---------- Data provided ----------

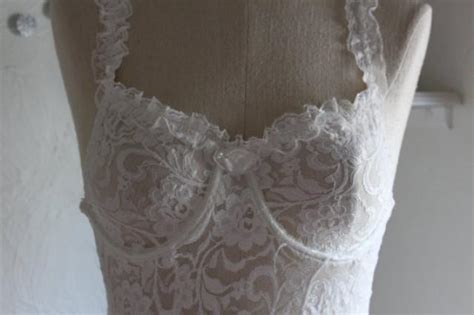 Cream Lace Sheer Nightgown With Underwire 1980s Short White Honeymoon Lingerie With Ruffles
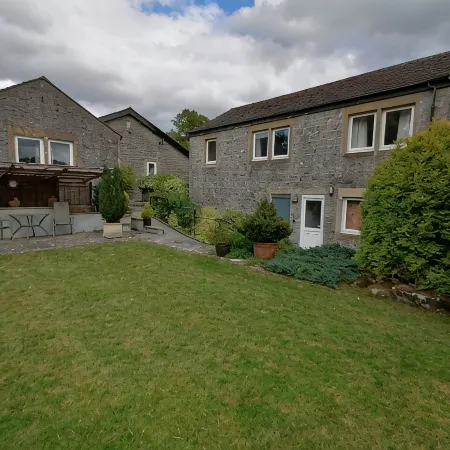 Comfortable and spacious apartment near Bakewell in the Peak District.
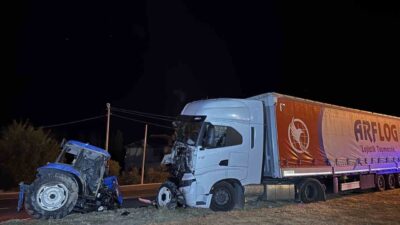 Uşak’ın Banaz ilçesinde traktör ile tırın çarpışması sonucu bir kişi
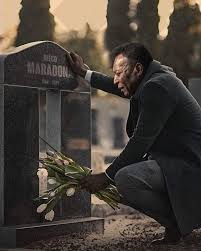 2 179 Likes 12 Comments Italian Zamalkawy Italianzamalkawy On Instagram صورة مؤلمة جدا وداع بيليه أسطورة البرازيل لما Diego Maradona Pele Nostalgia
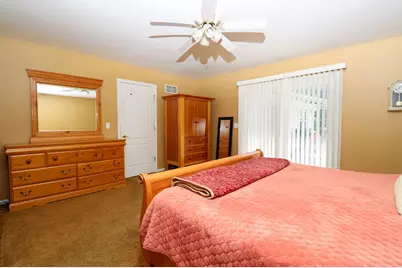 3906  Jacob Ct, Racine, WI 53403 - Photo 11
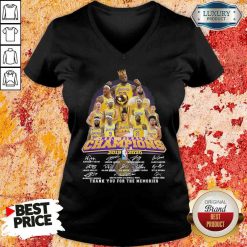 King Los Angeles Lakers NBA finals Champions 2019-2020 thank you for the memories signatures V-neck-Design By Soyatees.com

----------

What this task involves: The response should repeat each record precisely and contain no pictures.

Reply:
 Cream Lace Sheer Nightgown With Underwire 1980s Short White Honeymoon Lingerie With Ruffles
 Comfortable and spacious apartment near Bakewell in the Peak District.
 Uşak’ın Banaz ilçesinde traktör ile tırın çarpışması sonucu bir kişi
 2 179 Likes 12 Comments Italian Zamalkawy Italianzamalkawy On Instagram صورة مؤلمة جدا وداع بيليه أسطورة البرازيل لما Diego Maradona Pele Nostalgia
 3906  Jacob Ct, Racine, WI 53403 - Photo 11
 King Los Angeles Lakers NBA finals Champions 2019-2020 thank you for the memories signatures V-neck-Design By Soyatees.com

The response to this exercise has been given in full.